===== Study material

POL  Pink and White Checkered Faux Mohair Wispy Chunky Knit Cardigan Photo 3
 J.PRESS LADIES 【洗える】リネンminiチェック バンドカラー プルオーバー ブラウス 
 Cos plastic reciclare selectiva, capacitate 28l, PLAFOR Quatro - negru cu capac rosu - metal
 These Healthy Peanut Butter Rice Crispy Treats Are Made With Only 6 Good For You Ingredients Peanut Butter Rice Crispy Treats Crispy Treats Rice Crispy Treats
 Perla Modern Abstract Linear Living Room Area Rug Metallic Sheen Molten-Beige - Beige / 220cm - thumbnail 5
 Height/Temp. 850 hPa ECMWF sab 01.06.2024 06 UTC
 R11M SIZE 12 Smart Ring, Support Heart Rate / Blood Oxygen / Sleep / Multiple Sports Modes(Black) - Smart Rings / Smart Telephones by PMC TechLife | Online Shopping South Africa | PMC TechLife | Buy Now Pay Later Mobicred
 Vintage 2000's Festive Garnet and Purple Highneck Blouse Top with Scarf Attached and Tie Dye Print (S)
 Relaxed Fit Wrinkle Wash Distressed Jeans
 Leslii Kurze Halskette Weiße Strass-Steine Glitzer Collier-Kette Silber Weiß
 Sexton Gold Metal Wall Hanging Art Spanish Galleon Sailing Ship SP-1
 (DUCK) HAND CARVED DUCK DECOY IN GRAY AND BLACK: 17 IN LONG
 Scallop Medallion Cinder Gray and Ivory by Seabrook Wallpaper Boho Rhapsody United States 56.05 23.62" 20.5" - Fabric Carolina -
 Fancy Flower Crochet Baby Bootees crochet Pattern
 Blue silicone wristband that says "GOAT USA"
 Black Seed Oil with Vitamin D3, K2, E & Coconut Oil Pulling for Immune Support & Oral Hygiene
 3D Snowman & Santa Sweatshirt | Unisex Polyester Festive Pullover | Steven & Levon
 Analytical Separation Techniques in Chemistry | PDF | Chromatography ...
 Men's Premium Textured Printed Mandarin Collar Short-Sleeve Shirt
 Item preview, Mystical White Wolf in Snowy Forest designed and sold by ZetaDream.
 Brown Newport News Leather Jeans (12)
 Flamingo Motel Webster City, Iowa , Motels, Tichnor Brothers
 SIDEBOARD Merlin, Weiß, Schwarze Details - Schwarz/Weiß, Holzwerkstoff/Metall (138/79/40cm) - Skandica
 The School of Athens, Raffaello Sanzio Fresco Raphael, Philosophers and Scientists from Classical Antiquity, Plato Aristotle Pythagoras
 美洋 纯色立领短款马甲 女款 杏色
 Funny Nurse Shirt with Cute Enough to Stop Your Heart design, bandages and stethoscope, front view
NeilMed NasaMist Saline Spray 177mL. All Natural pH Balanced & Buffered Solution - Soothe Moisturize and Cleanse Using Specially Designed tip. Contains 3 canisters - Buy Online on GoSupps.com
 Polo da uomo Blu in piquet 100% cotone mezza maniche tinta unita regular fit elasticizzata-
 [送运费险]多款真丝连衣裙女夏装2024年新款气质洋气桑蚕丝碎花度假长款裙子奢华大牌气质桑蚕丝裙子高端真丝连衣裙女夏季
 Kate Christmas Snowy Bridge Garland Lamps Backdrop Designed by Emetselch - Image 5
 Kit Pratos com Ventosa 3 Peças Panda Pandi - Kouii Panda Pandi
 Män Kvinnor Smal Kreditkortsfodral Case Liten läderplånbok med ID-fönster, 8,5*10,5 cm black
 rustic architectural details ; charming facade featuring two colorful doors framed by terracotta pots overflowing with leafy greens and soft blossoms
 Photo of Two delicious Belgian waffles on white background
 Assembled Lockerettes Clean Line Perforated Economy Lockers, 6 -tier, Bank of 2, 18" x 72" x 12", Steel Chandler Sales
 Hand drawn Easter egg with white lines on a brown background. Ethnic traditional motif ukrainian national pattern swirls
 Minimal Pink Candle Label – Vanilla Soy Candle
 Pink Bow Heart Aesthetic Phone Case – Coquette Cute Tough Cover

==========

## [Requirement]
Restate word for word only the lines above from the line containing "Analytical Separation Techniques" to the line containing "Flamingo Motel Webster", both of them included.

## [Exercise response]
 Analytical Separation Techniques in Chemistry | PDF | Chromatography ...
 Men's Premium Textured Printed Mandarin Collar Short-Sleeve Shirt
 Item preview, Mystical White Wolf in Snowy Forest designed and sold by ZetaDream.
 Brown Newport News Leather Jeans (12)
 Flamingo Motel Webster City, Iowa , Motels, Tichnor Brothers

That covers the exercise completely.